:: PROBLEM DETAILS ::
Reproduce the lines below exactly. Skip images.

Web page caption snippets:
---

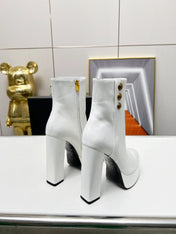 BALMAIN 26S BOOTS 135 MM IN WHITE CALFSKIN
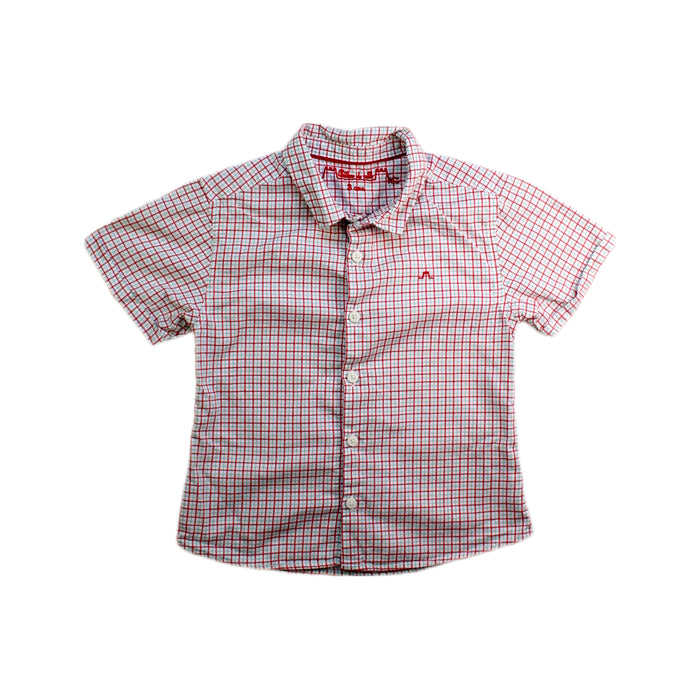 A White Short Sleeve Shirts from Chateau de Sable in size 3T for boy. (Front View)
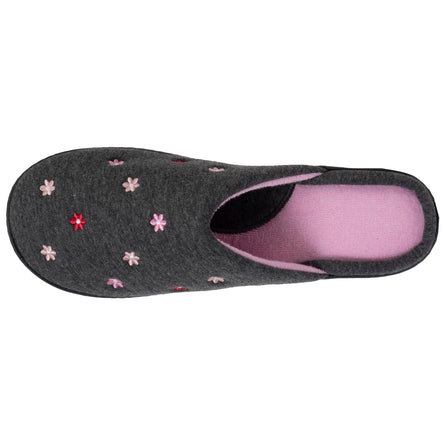 Chaussons mules Femme Fleurs Gris chiné - Isotoner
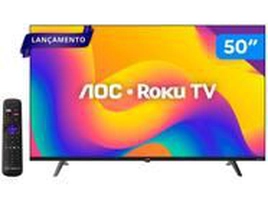 Smart TV 50 4K AOC Roku com 3 HDMI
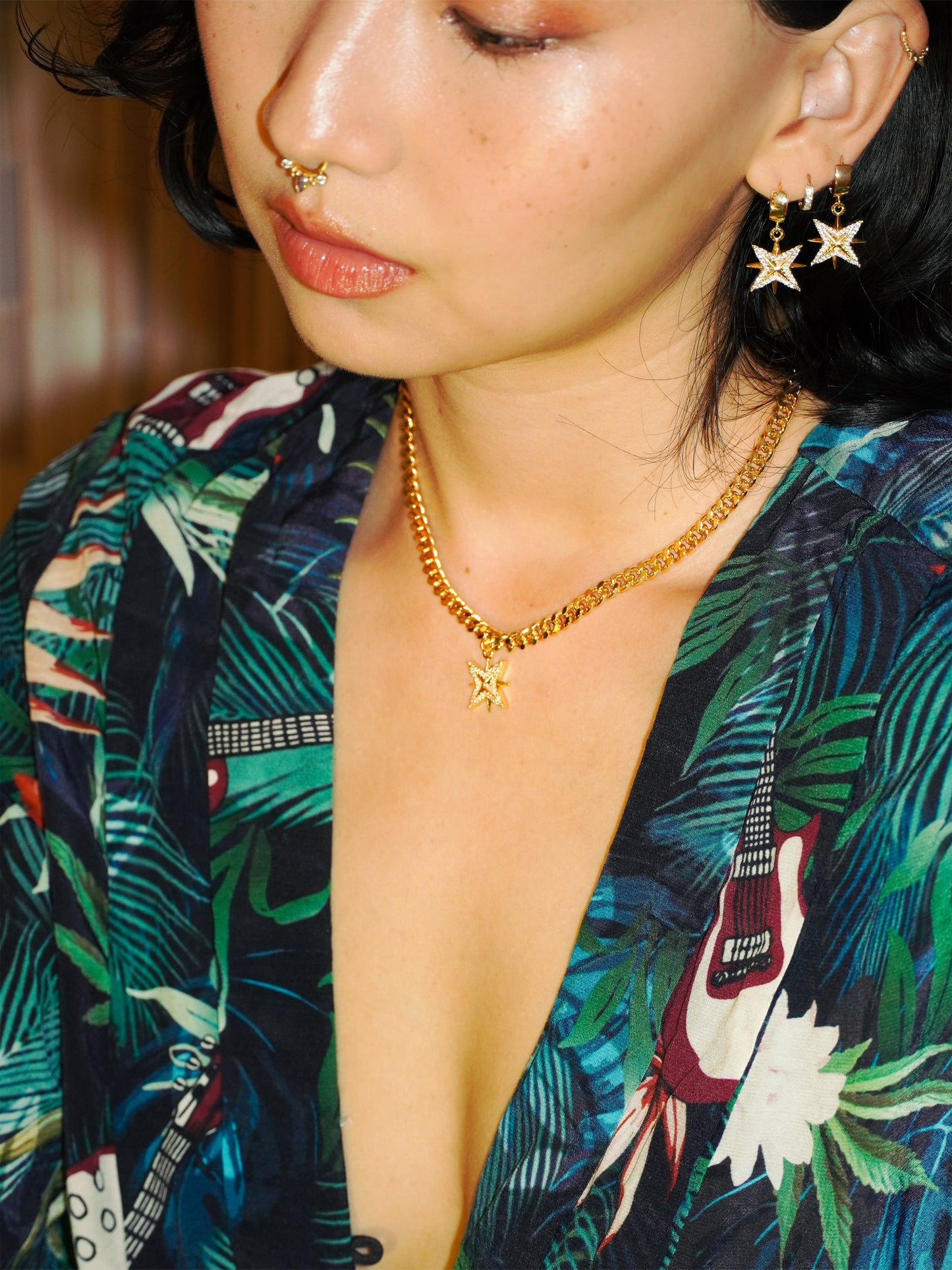 Chunky Star Necklace - Gold - Work Piece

---

:: YOUR RESPONSE ::
 BALMAIN 26S BOOTS 135 MM IN WHITE CALFSKIN
 A White Short Sleeve Shirts from Chateau de Sable in size 3T for boy. (Front View)
 Chaussons mules Femme Fleurs Gris chiné - Isotoner
 Smart TV 50 4K AOC Roku com 3 HDMI
 Chunky Star Necklace - Gold - Work Piece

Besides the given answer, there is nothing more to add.